Foi com a canção que dá nome ao novo disco que a banda, oriunda de New Castle, iniciou o concerto. Partiu depois para Girls who play guitars, o maravilhoso tema de abertura de Our earthly pleasures (2007) e meia sala já completamente rendida. Seguiu-se um dos momentos mais interessantes com o single do novo disco, Hips and lips, todo ele frustração sexual, e The Undercurrents, estranhamente parecido com Keane (mas um milhão de vezes mais inteligente e interessante).

Mesmo assim a qualidade das músicas do novo disco é inegável. Adequando-se a configurações mais íntimas, a banda acrescentou uma boa dose de subtileza ao seu cânone post punk e new wave, trazendo por vezes os sussurros e a sensualidade de uns Pulp, por exemplo em temas como Reluctant love ou This is what becomes of the brokenhearted.

Houve também lugar à pop orelhuda que o público cantarolou, com os temas mais conhecidos, sobretudo do primeiro e segundo disco, que se tornaram grandes suucessos: Apply some pressure, Graffitti ou Our velocity.

A música de Maxïmo Park é também mordaz e espirituosa. Foi assim com Write this down, apresentada por uma rapariga do público, a pedido de Paul Smith, irrequieto e jingão vocalista que não parou um segundo, mantendo um contato muito próximo com o público que desceu à beira-rio para se render aos ingleses (mesmo que estes não soubessem bem se estavam ao lado de um mar ou de um rio).

Paul Smith é espirituoso e irrequieto. De fato e gravata e chapéu de coco suou as estopinhas e, como o próprio frisou, deu o seu melhor, desculpando-se de uma voz um pouco afetada. No intervalo do encore haveria de ir tomar mel, voltando assim para um trio que fechou a noite em beleza: Pride before a fall (lado b de Our earthly pleasures), I want you to stay (single de A certain tiger) e a já referida Our velocity.

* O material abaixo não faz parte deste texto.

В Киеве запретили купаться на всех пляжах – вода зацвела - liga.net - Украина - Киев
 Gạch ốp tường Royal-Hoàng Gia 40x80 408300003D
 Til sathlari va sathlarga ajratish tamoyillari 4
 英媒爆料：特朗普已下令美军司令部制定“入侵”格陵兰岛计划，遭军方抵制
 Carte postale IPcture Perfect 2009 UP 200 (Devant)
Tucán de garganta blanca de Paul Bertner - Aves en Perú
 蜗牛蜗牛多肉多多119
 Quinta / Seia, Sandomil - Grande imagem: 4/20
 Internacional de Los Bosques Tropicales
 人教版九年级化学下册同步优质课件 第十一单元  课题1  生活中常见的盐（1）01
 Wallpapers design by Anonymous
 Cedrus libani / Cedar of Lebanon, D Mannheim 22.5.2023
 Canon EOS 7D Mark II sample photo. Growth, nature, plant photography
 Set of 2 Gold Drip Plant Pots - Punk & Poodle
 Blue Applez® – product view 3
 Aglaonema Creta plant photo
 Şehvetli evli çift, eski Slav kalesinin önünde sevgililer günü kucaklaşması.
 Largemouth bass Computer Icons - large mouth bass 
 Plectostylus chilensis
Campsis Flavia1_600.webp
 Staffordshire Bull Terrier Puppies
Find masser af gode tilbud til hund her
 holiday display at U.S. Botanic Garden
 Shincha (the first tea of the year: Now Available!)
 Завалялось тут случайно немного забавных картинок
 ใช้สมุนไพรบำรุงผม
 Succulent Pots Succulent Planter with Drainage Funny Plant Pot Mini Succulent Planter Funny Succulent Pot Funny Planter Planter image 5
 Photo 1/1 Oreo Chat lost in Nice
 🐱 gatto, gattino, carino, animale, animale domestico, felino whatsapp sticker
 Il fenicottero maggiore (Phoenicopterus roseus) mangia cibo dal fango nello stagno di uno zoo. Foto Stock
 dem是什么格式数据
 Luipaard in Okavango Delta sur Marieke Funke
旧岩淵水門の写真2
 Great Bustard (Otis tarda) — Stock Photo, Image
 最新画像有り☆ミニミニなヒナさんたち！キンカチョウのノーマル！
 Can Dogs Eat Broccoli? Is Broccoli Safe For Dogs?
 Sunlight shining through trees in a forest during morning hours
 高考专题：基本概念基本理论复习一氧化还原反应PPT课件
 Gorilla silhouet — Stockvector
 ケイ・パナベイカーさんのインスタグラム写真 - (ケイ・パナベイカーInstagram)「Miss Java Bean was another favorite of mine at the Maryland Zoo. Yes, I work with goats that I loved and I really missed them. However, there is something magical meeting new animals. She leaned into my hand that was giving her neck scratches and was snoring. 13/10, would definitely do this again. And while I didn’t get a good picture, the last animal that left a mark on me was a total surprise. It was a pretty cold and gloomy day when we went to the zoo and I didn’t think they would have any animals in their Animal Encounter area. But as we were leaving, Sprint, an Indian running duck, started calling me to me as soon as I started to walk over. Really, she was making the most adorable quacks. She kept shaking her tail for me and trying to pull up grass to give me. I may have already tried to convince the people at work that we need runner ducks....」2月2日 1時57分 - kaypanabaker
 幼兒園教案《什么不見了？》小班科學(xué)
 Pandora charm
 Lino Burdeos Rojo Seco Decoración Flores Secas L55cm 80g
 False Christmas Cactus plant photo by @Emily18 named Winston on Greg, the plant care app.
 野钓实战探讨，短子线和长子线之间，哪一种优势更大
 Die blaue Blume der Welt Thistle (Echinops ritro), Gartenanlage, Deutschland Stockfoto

Simpatia e energia a rodos fizeram desta visita a Portugal uma bela noite mostrando que Maxïmo Park são, mais do que uma banda de discos, uma banda de concertos, cujas músicas ao vivo ganham outro vigor.

A primeira parte coube aos portugueses Lissabon, que apresentaram as músicas do seu álbum de estreia If it’s only just a dream…, editado na sua própria , a Licked Records. Formados por Pedro Lourenço (voz e guitarra), Inês Vicente (baixo e voz), Soraia Simão (piano e sintetizadores) e José Garcez (bateria e percussões), o quarteto esforçou-se arduamente por aquecer a ainda muito vazia Sala TMN ao Vivo. Entre a pop disco e os sons mais psicadélicos, não conseguiram porém, passar de banais.